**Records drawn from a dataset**
········

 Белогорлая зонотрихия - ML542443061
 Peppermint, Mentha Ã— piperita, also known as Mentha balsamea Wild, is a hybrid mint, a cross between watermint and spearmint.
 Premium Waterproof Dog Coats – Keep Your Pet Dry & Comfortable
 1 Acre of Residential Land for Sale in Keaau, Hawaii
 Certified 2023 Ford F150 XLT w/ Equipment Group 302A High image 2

········

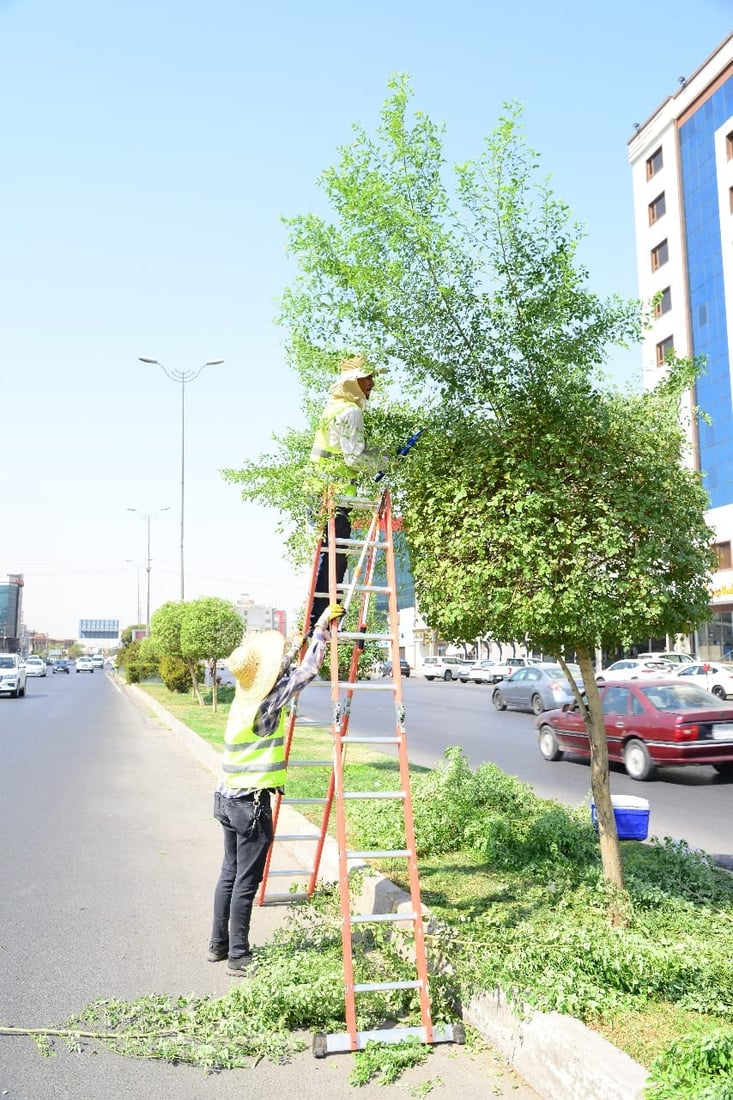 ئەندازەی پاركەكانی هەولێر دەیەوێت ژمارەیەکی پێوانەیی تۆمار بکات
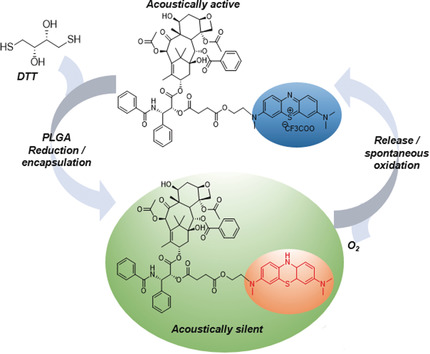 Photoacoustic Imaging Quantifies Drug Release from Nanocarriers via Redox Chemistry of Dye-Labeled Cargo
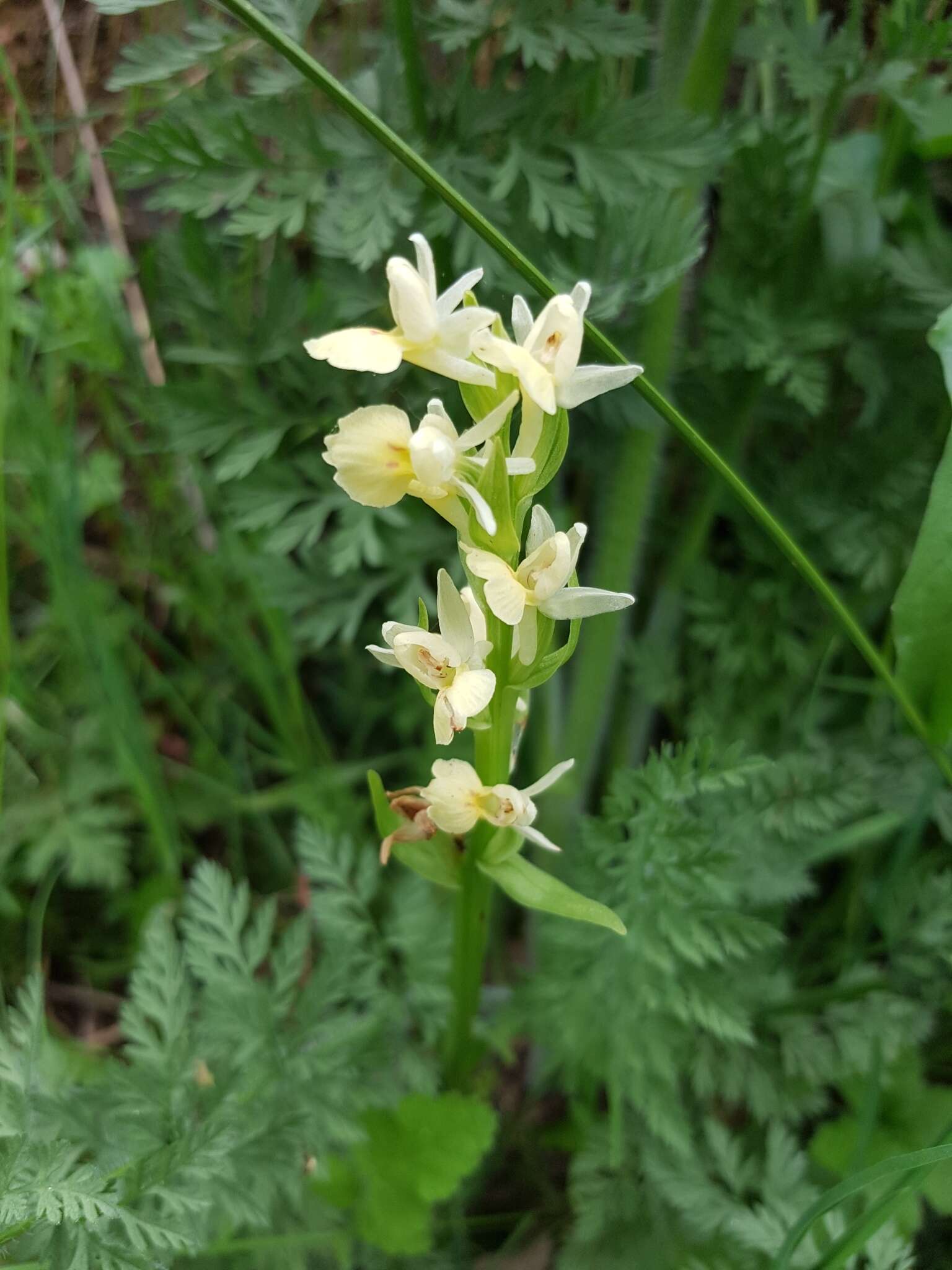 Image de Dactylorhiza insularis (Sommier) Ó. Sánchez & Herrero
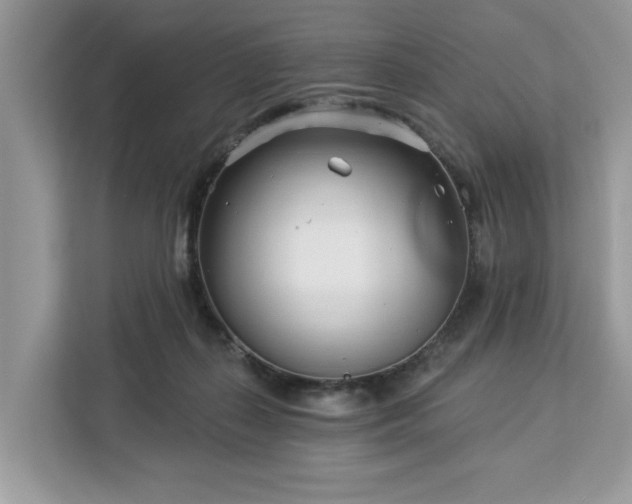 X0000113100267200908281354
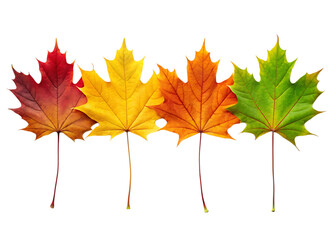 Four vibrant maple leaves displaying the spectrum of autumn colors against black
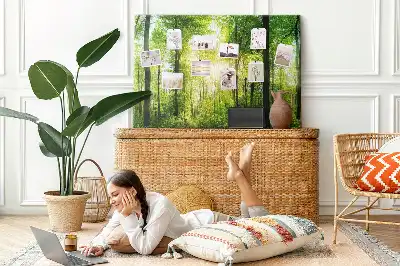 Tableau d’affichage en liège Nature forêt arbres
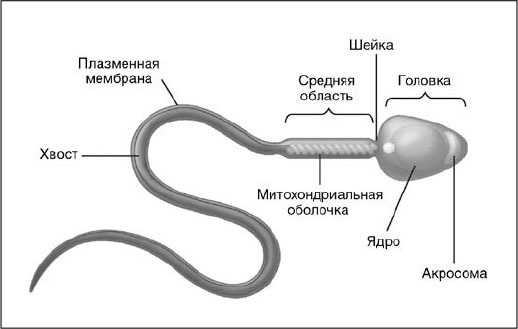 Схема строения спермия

········

**INSTRUCTIONS FOR THE TASK**
An exact copy is needed. It runs from the line above containing "Tableau d’affichage en" down to the line containing "Схема строения спермия", both included, with no pictures.

**RESPONSE AREA**
 Tableau d’affichage en liège Nature forêt arbres
 Схема строения спермия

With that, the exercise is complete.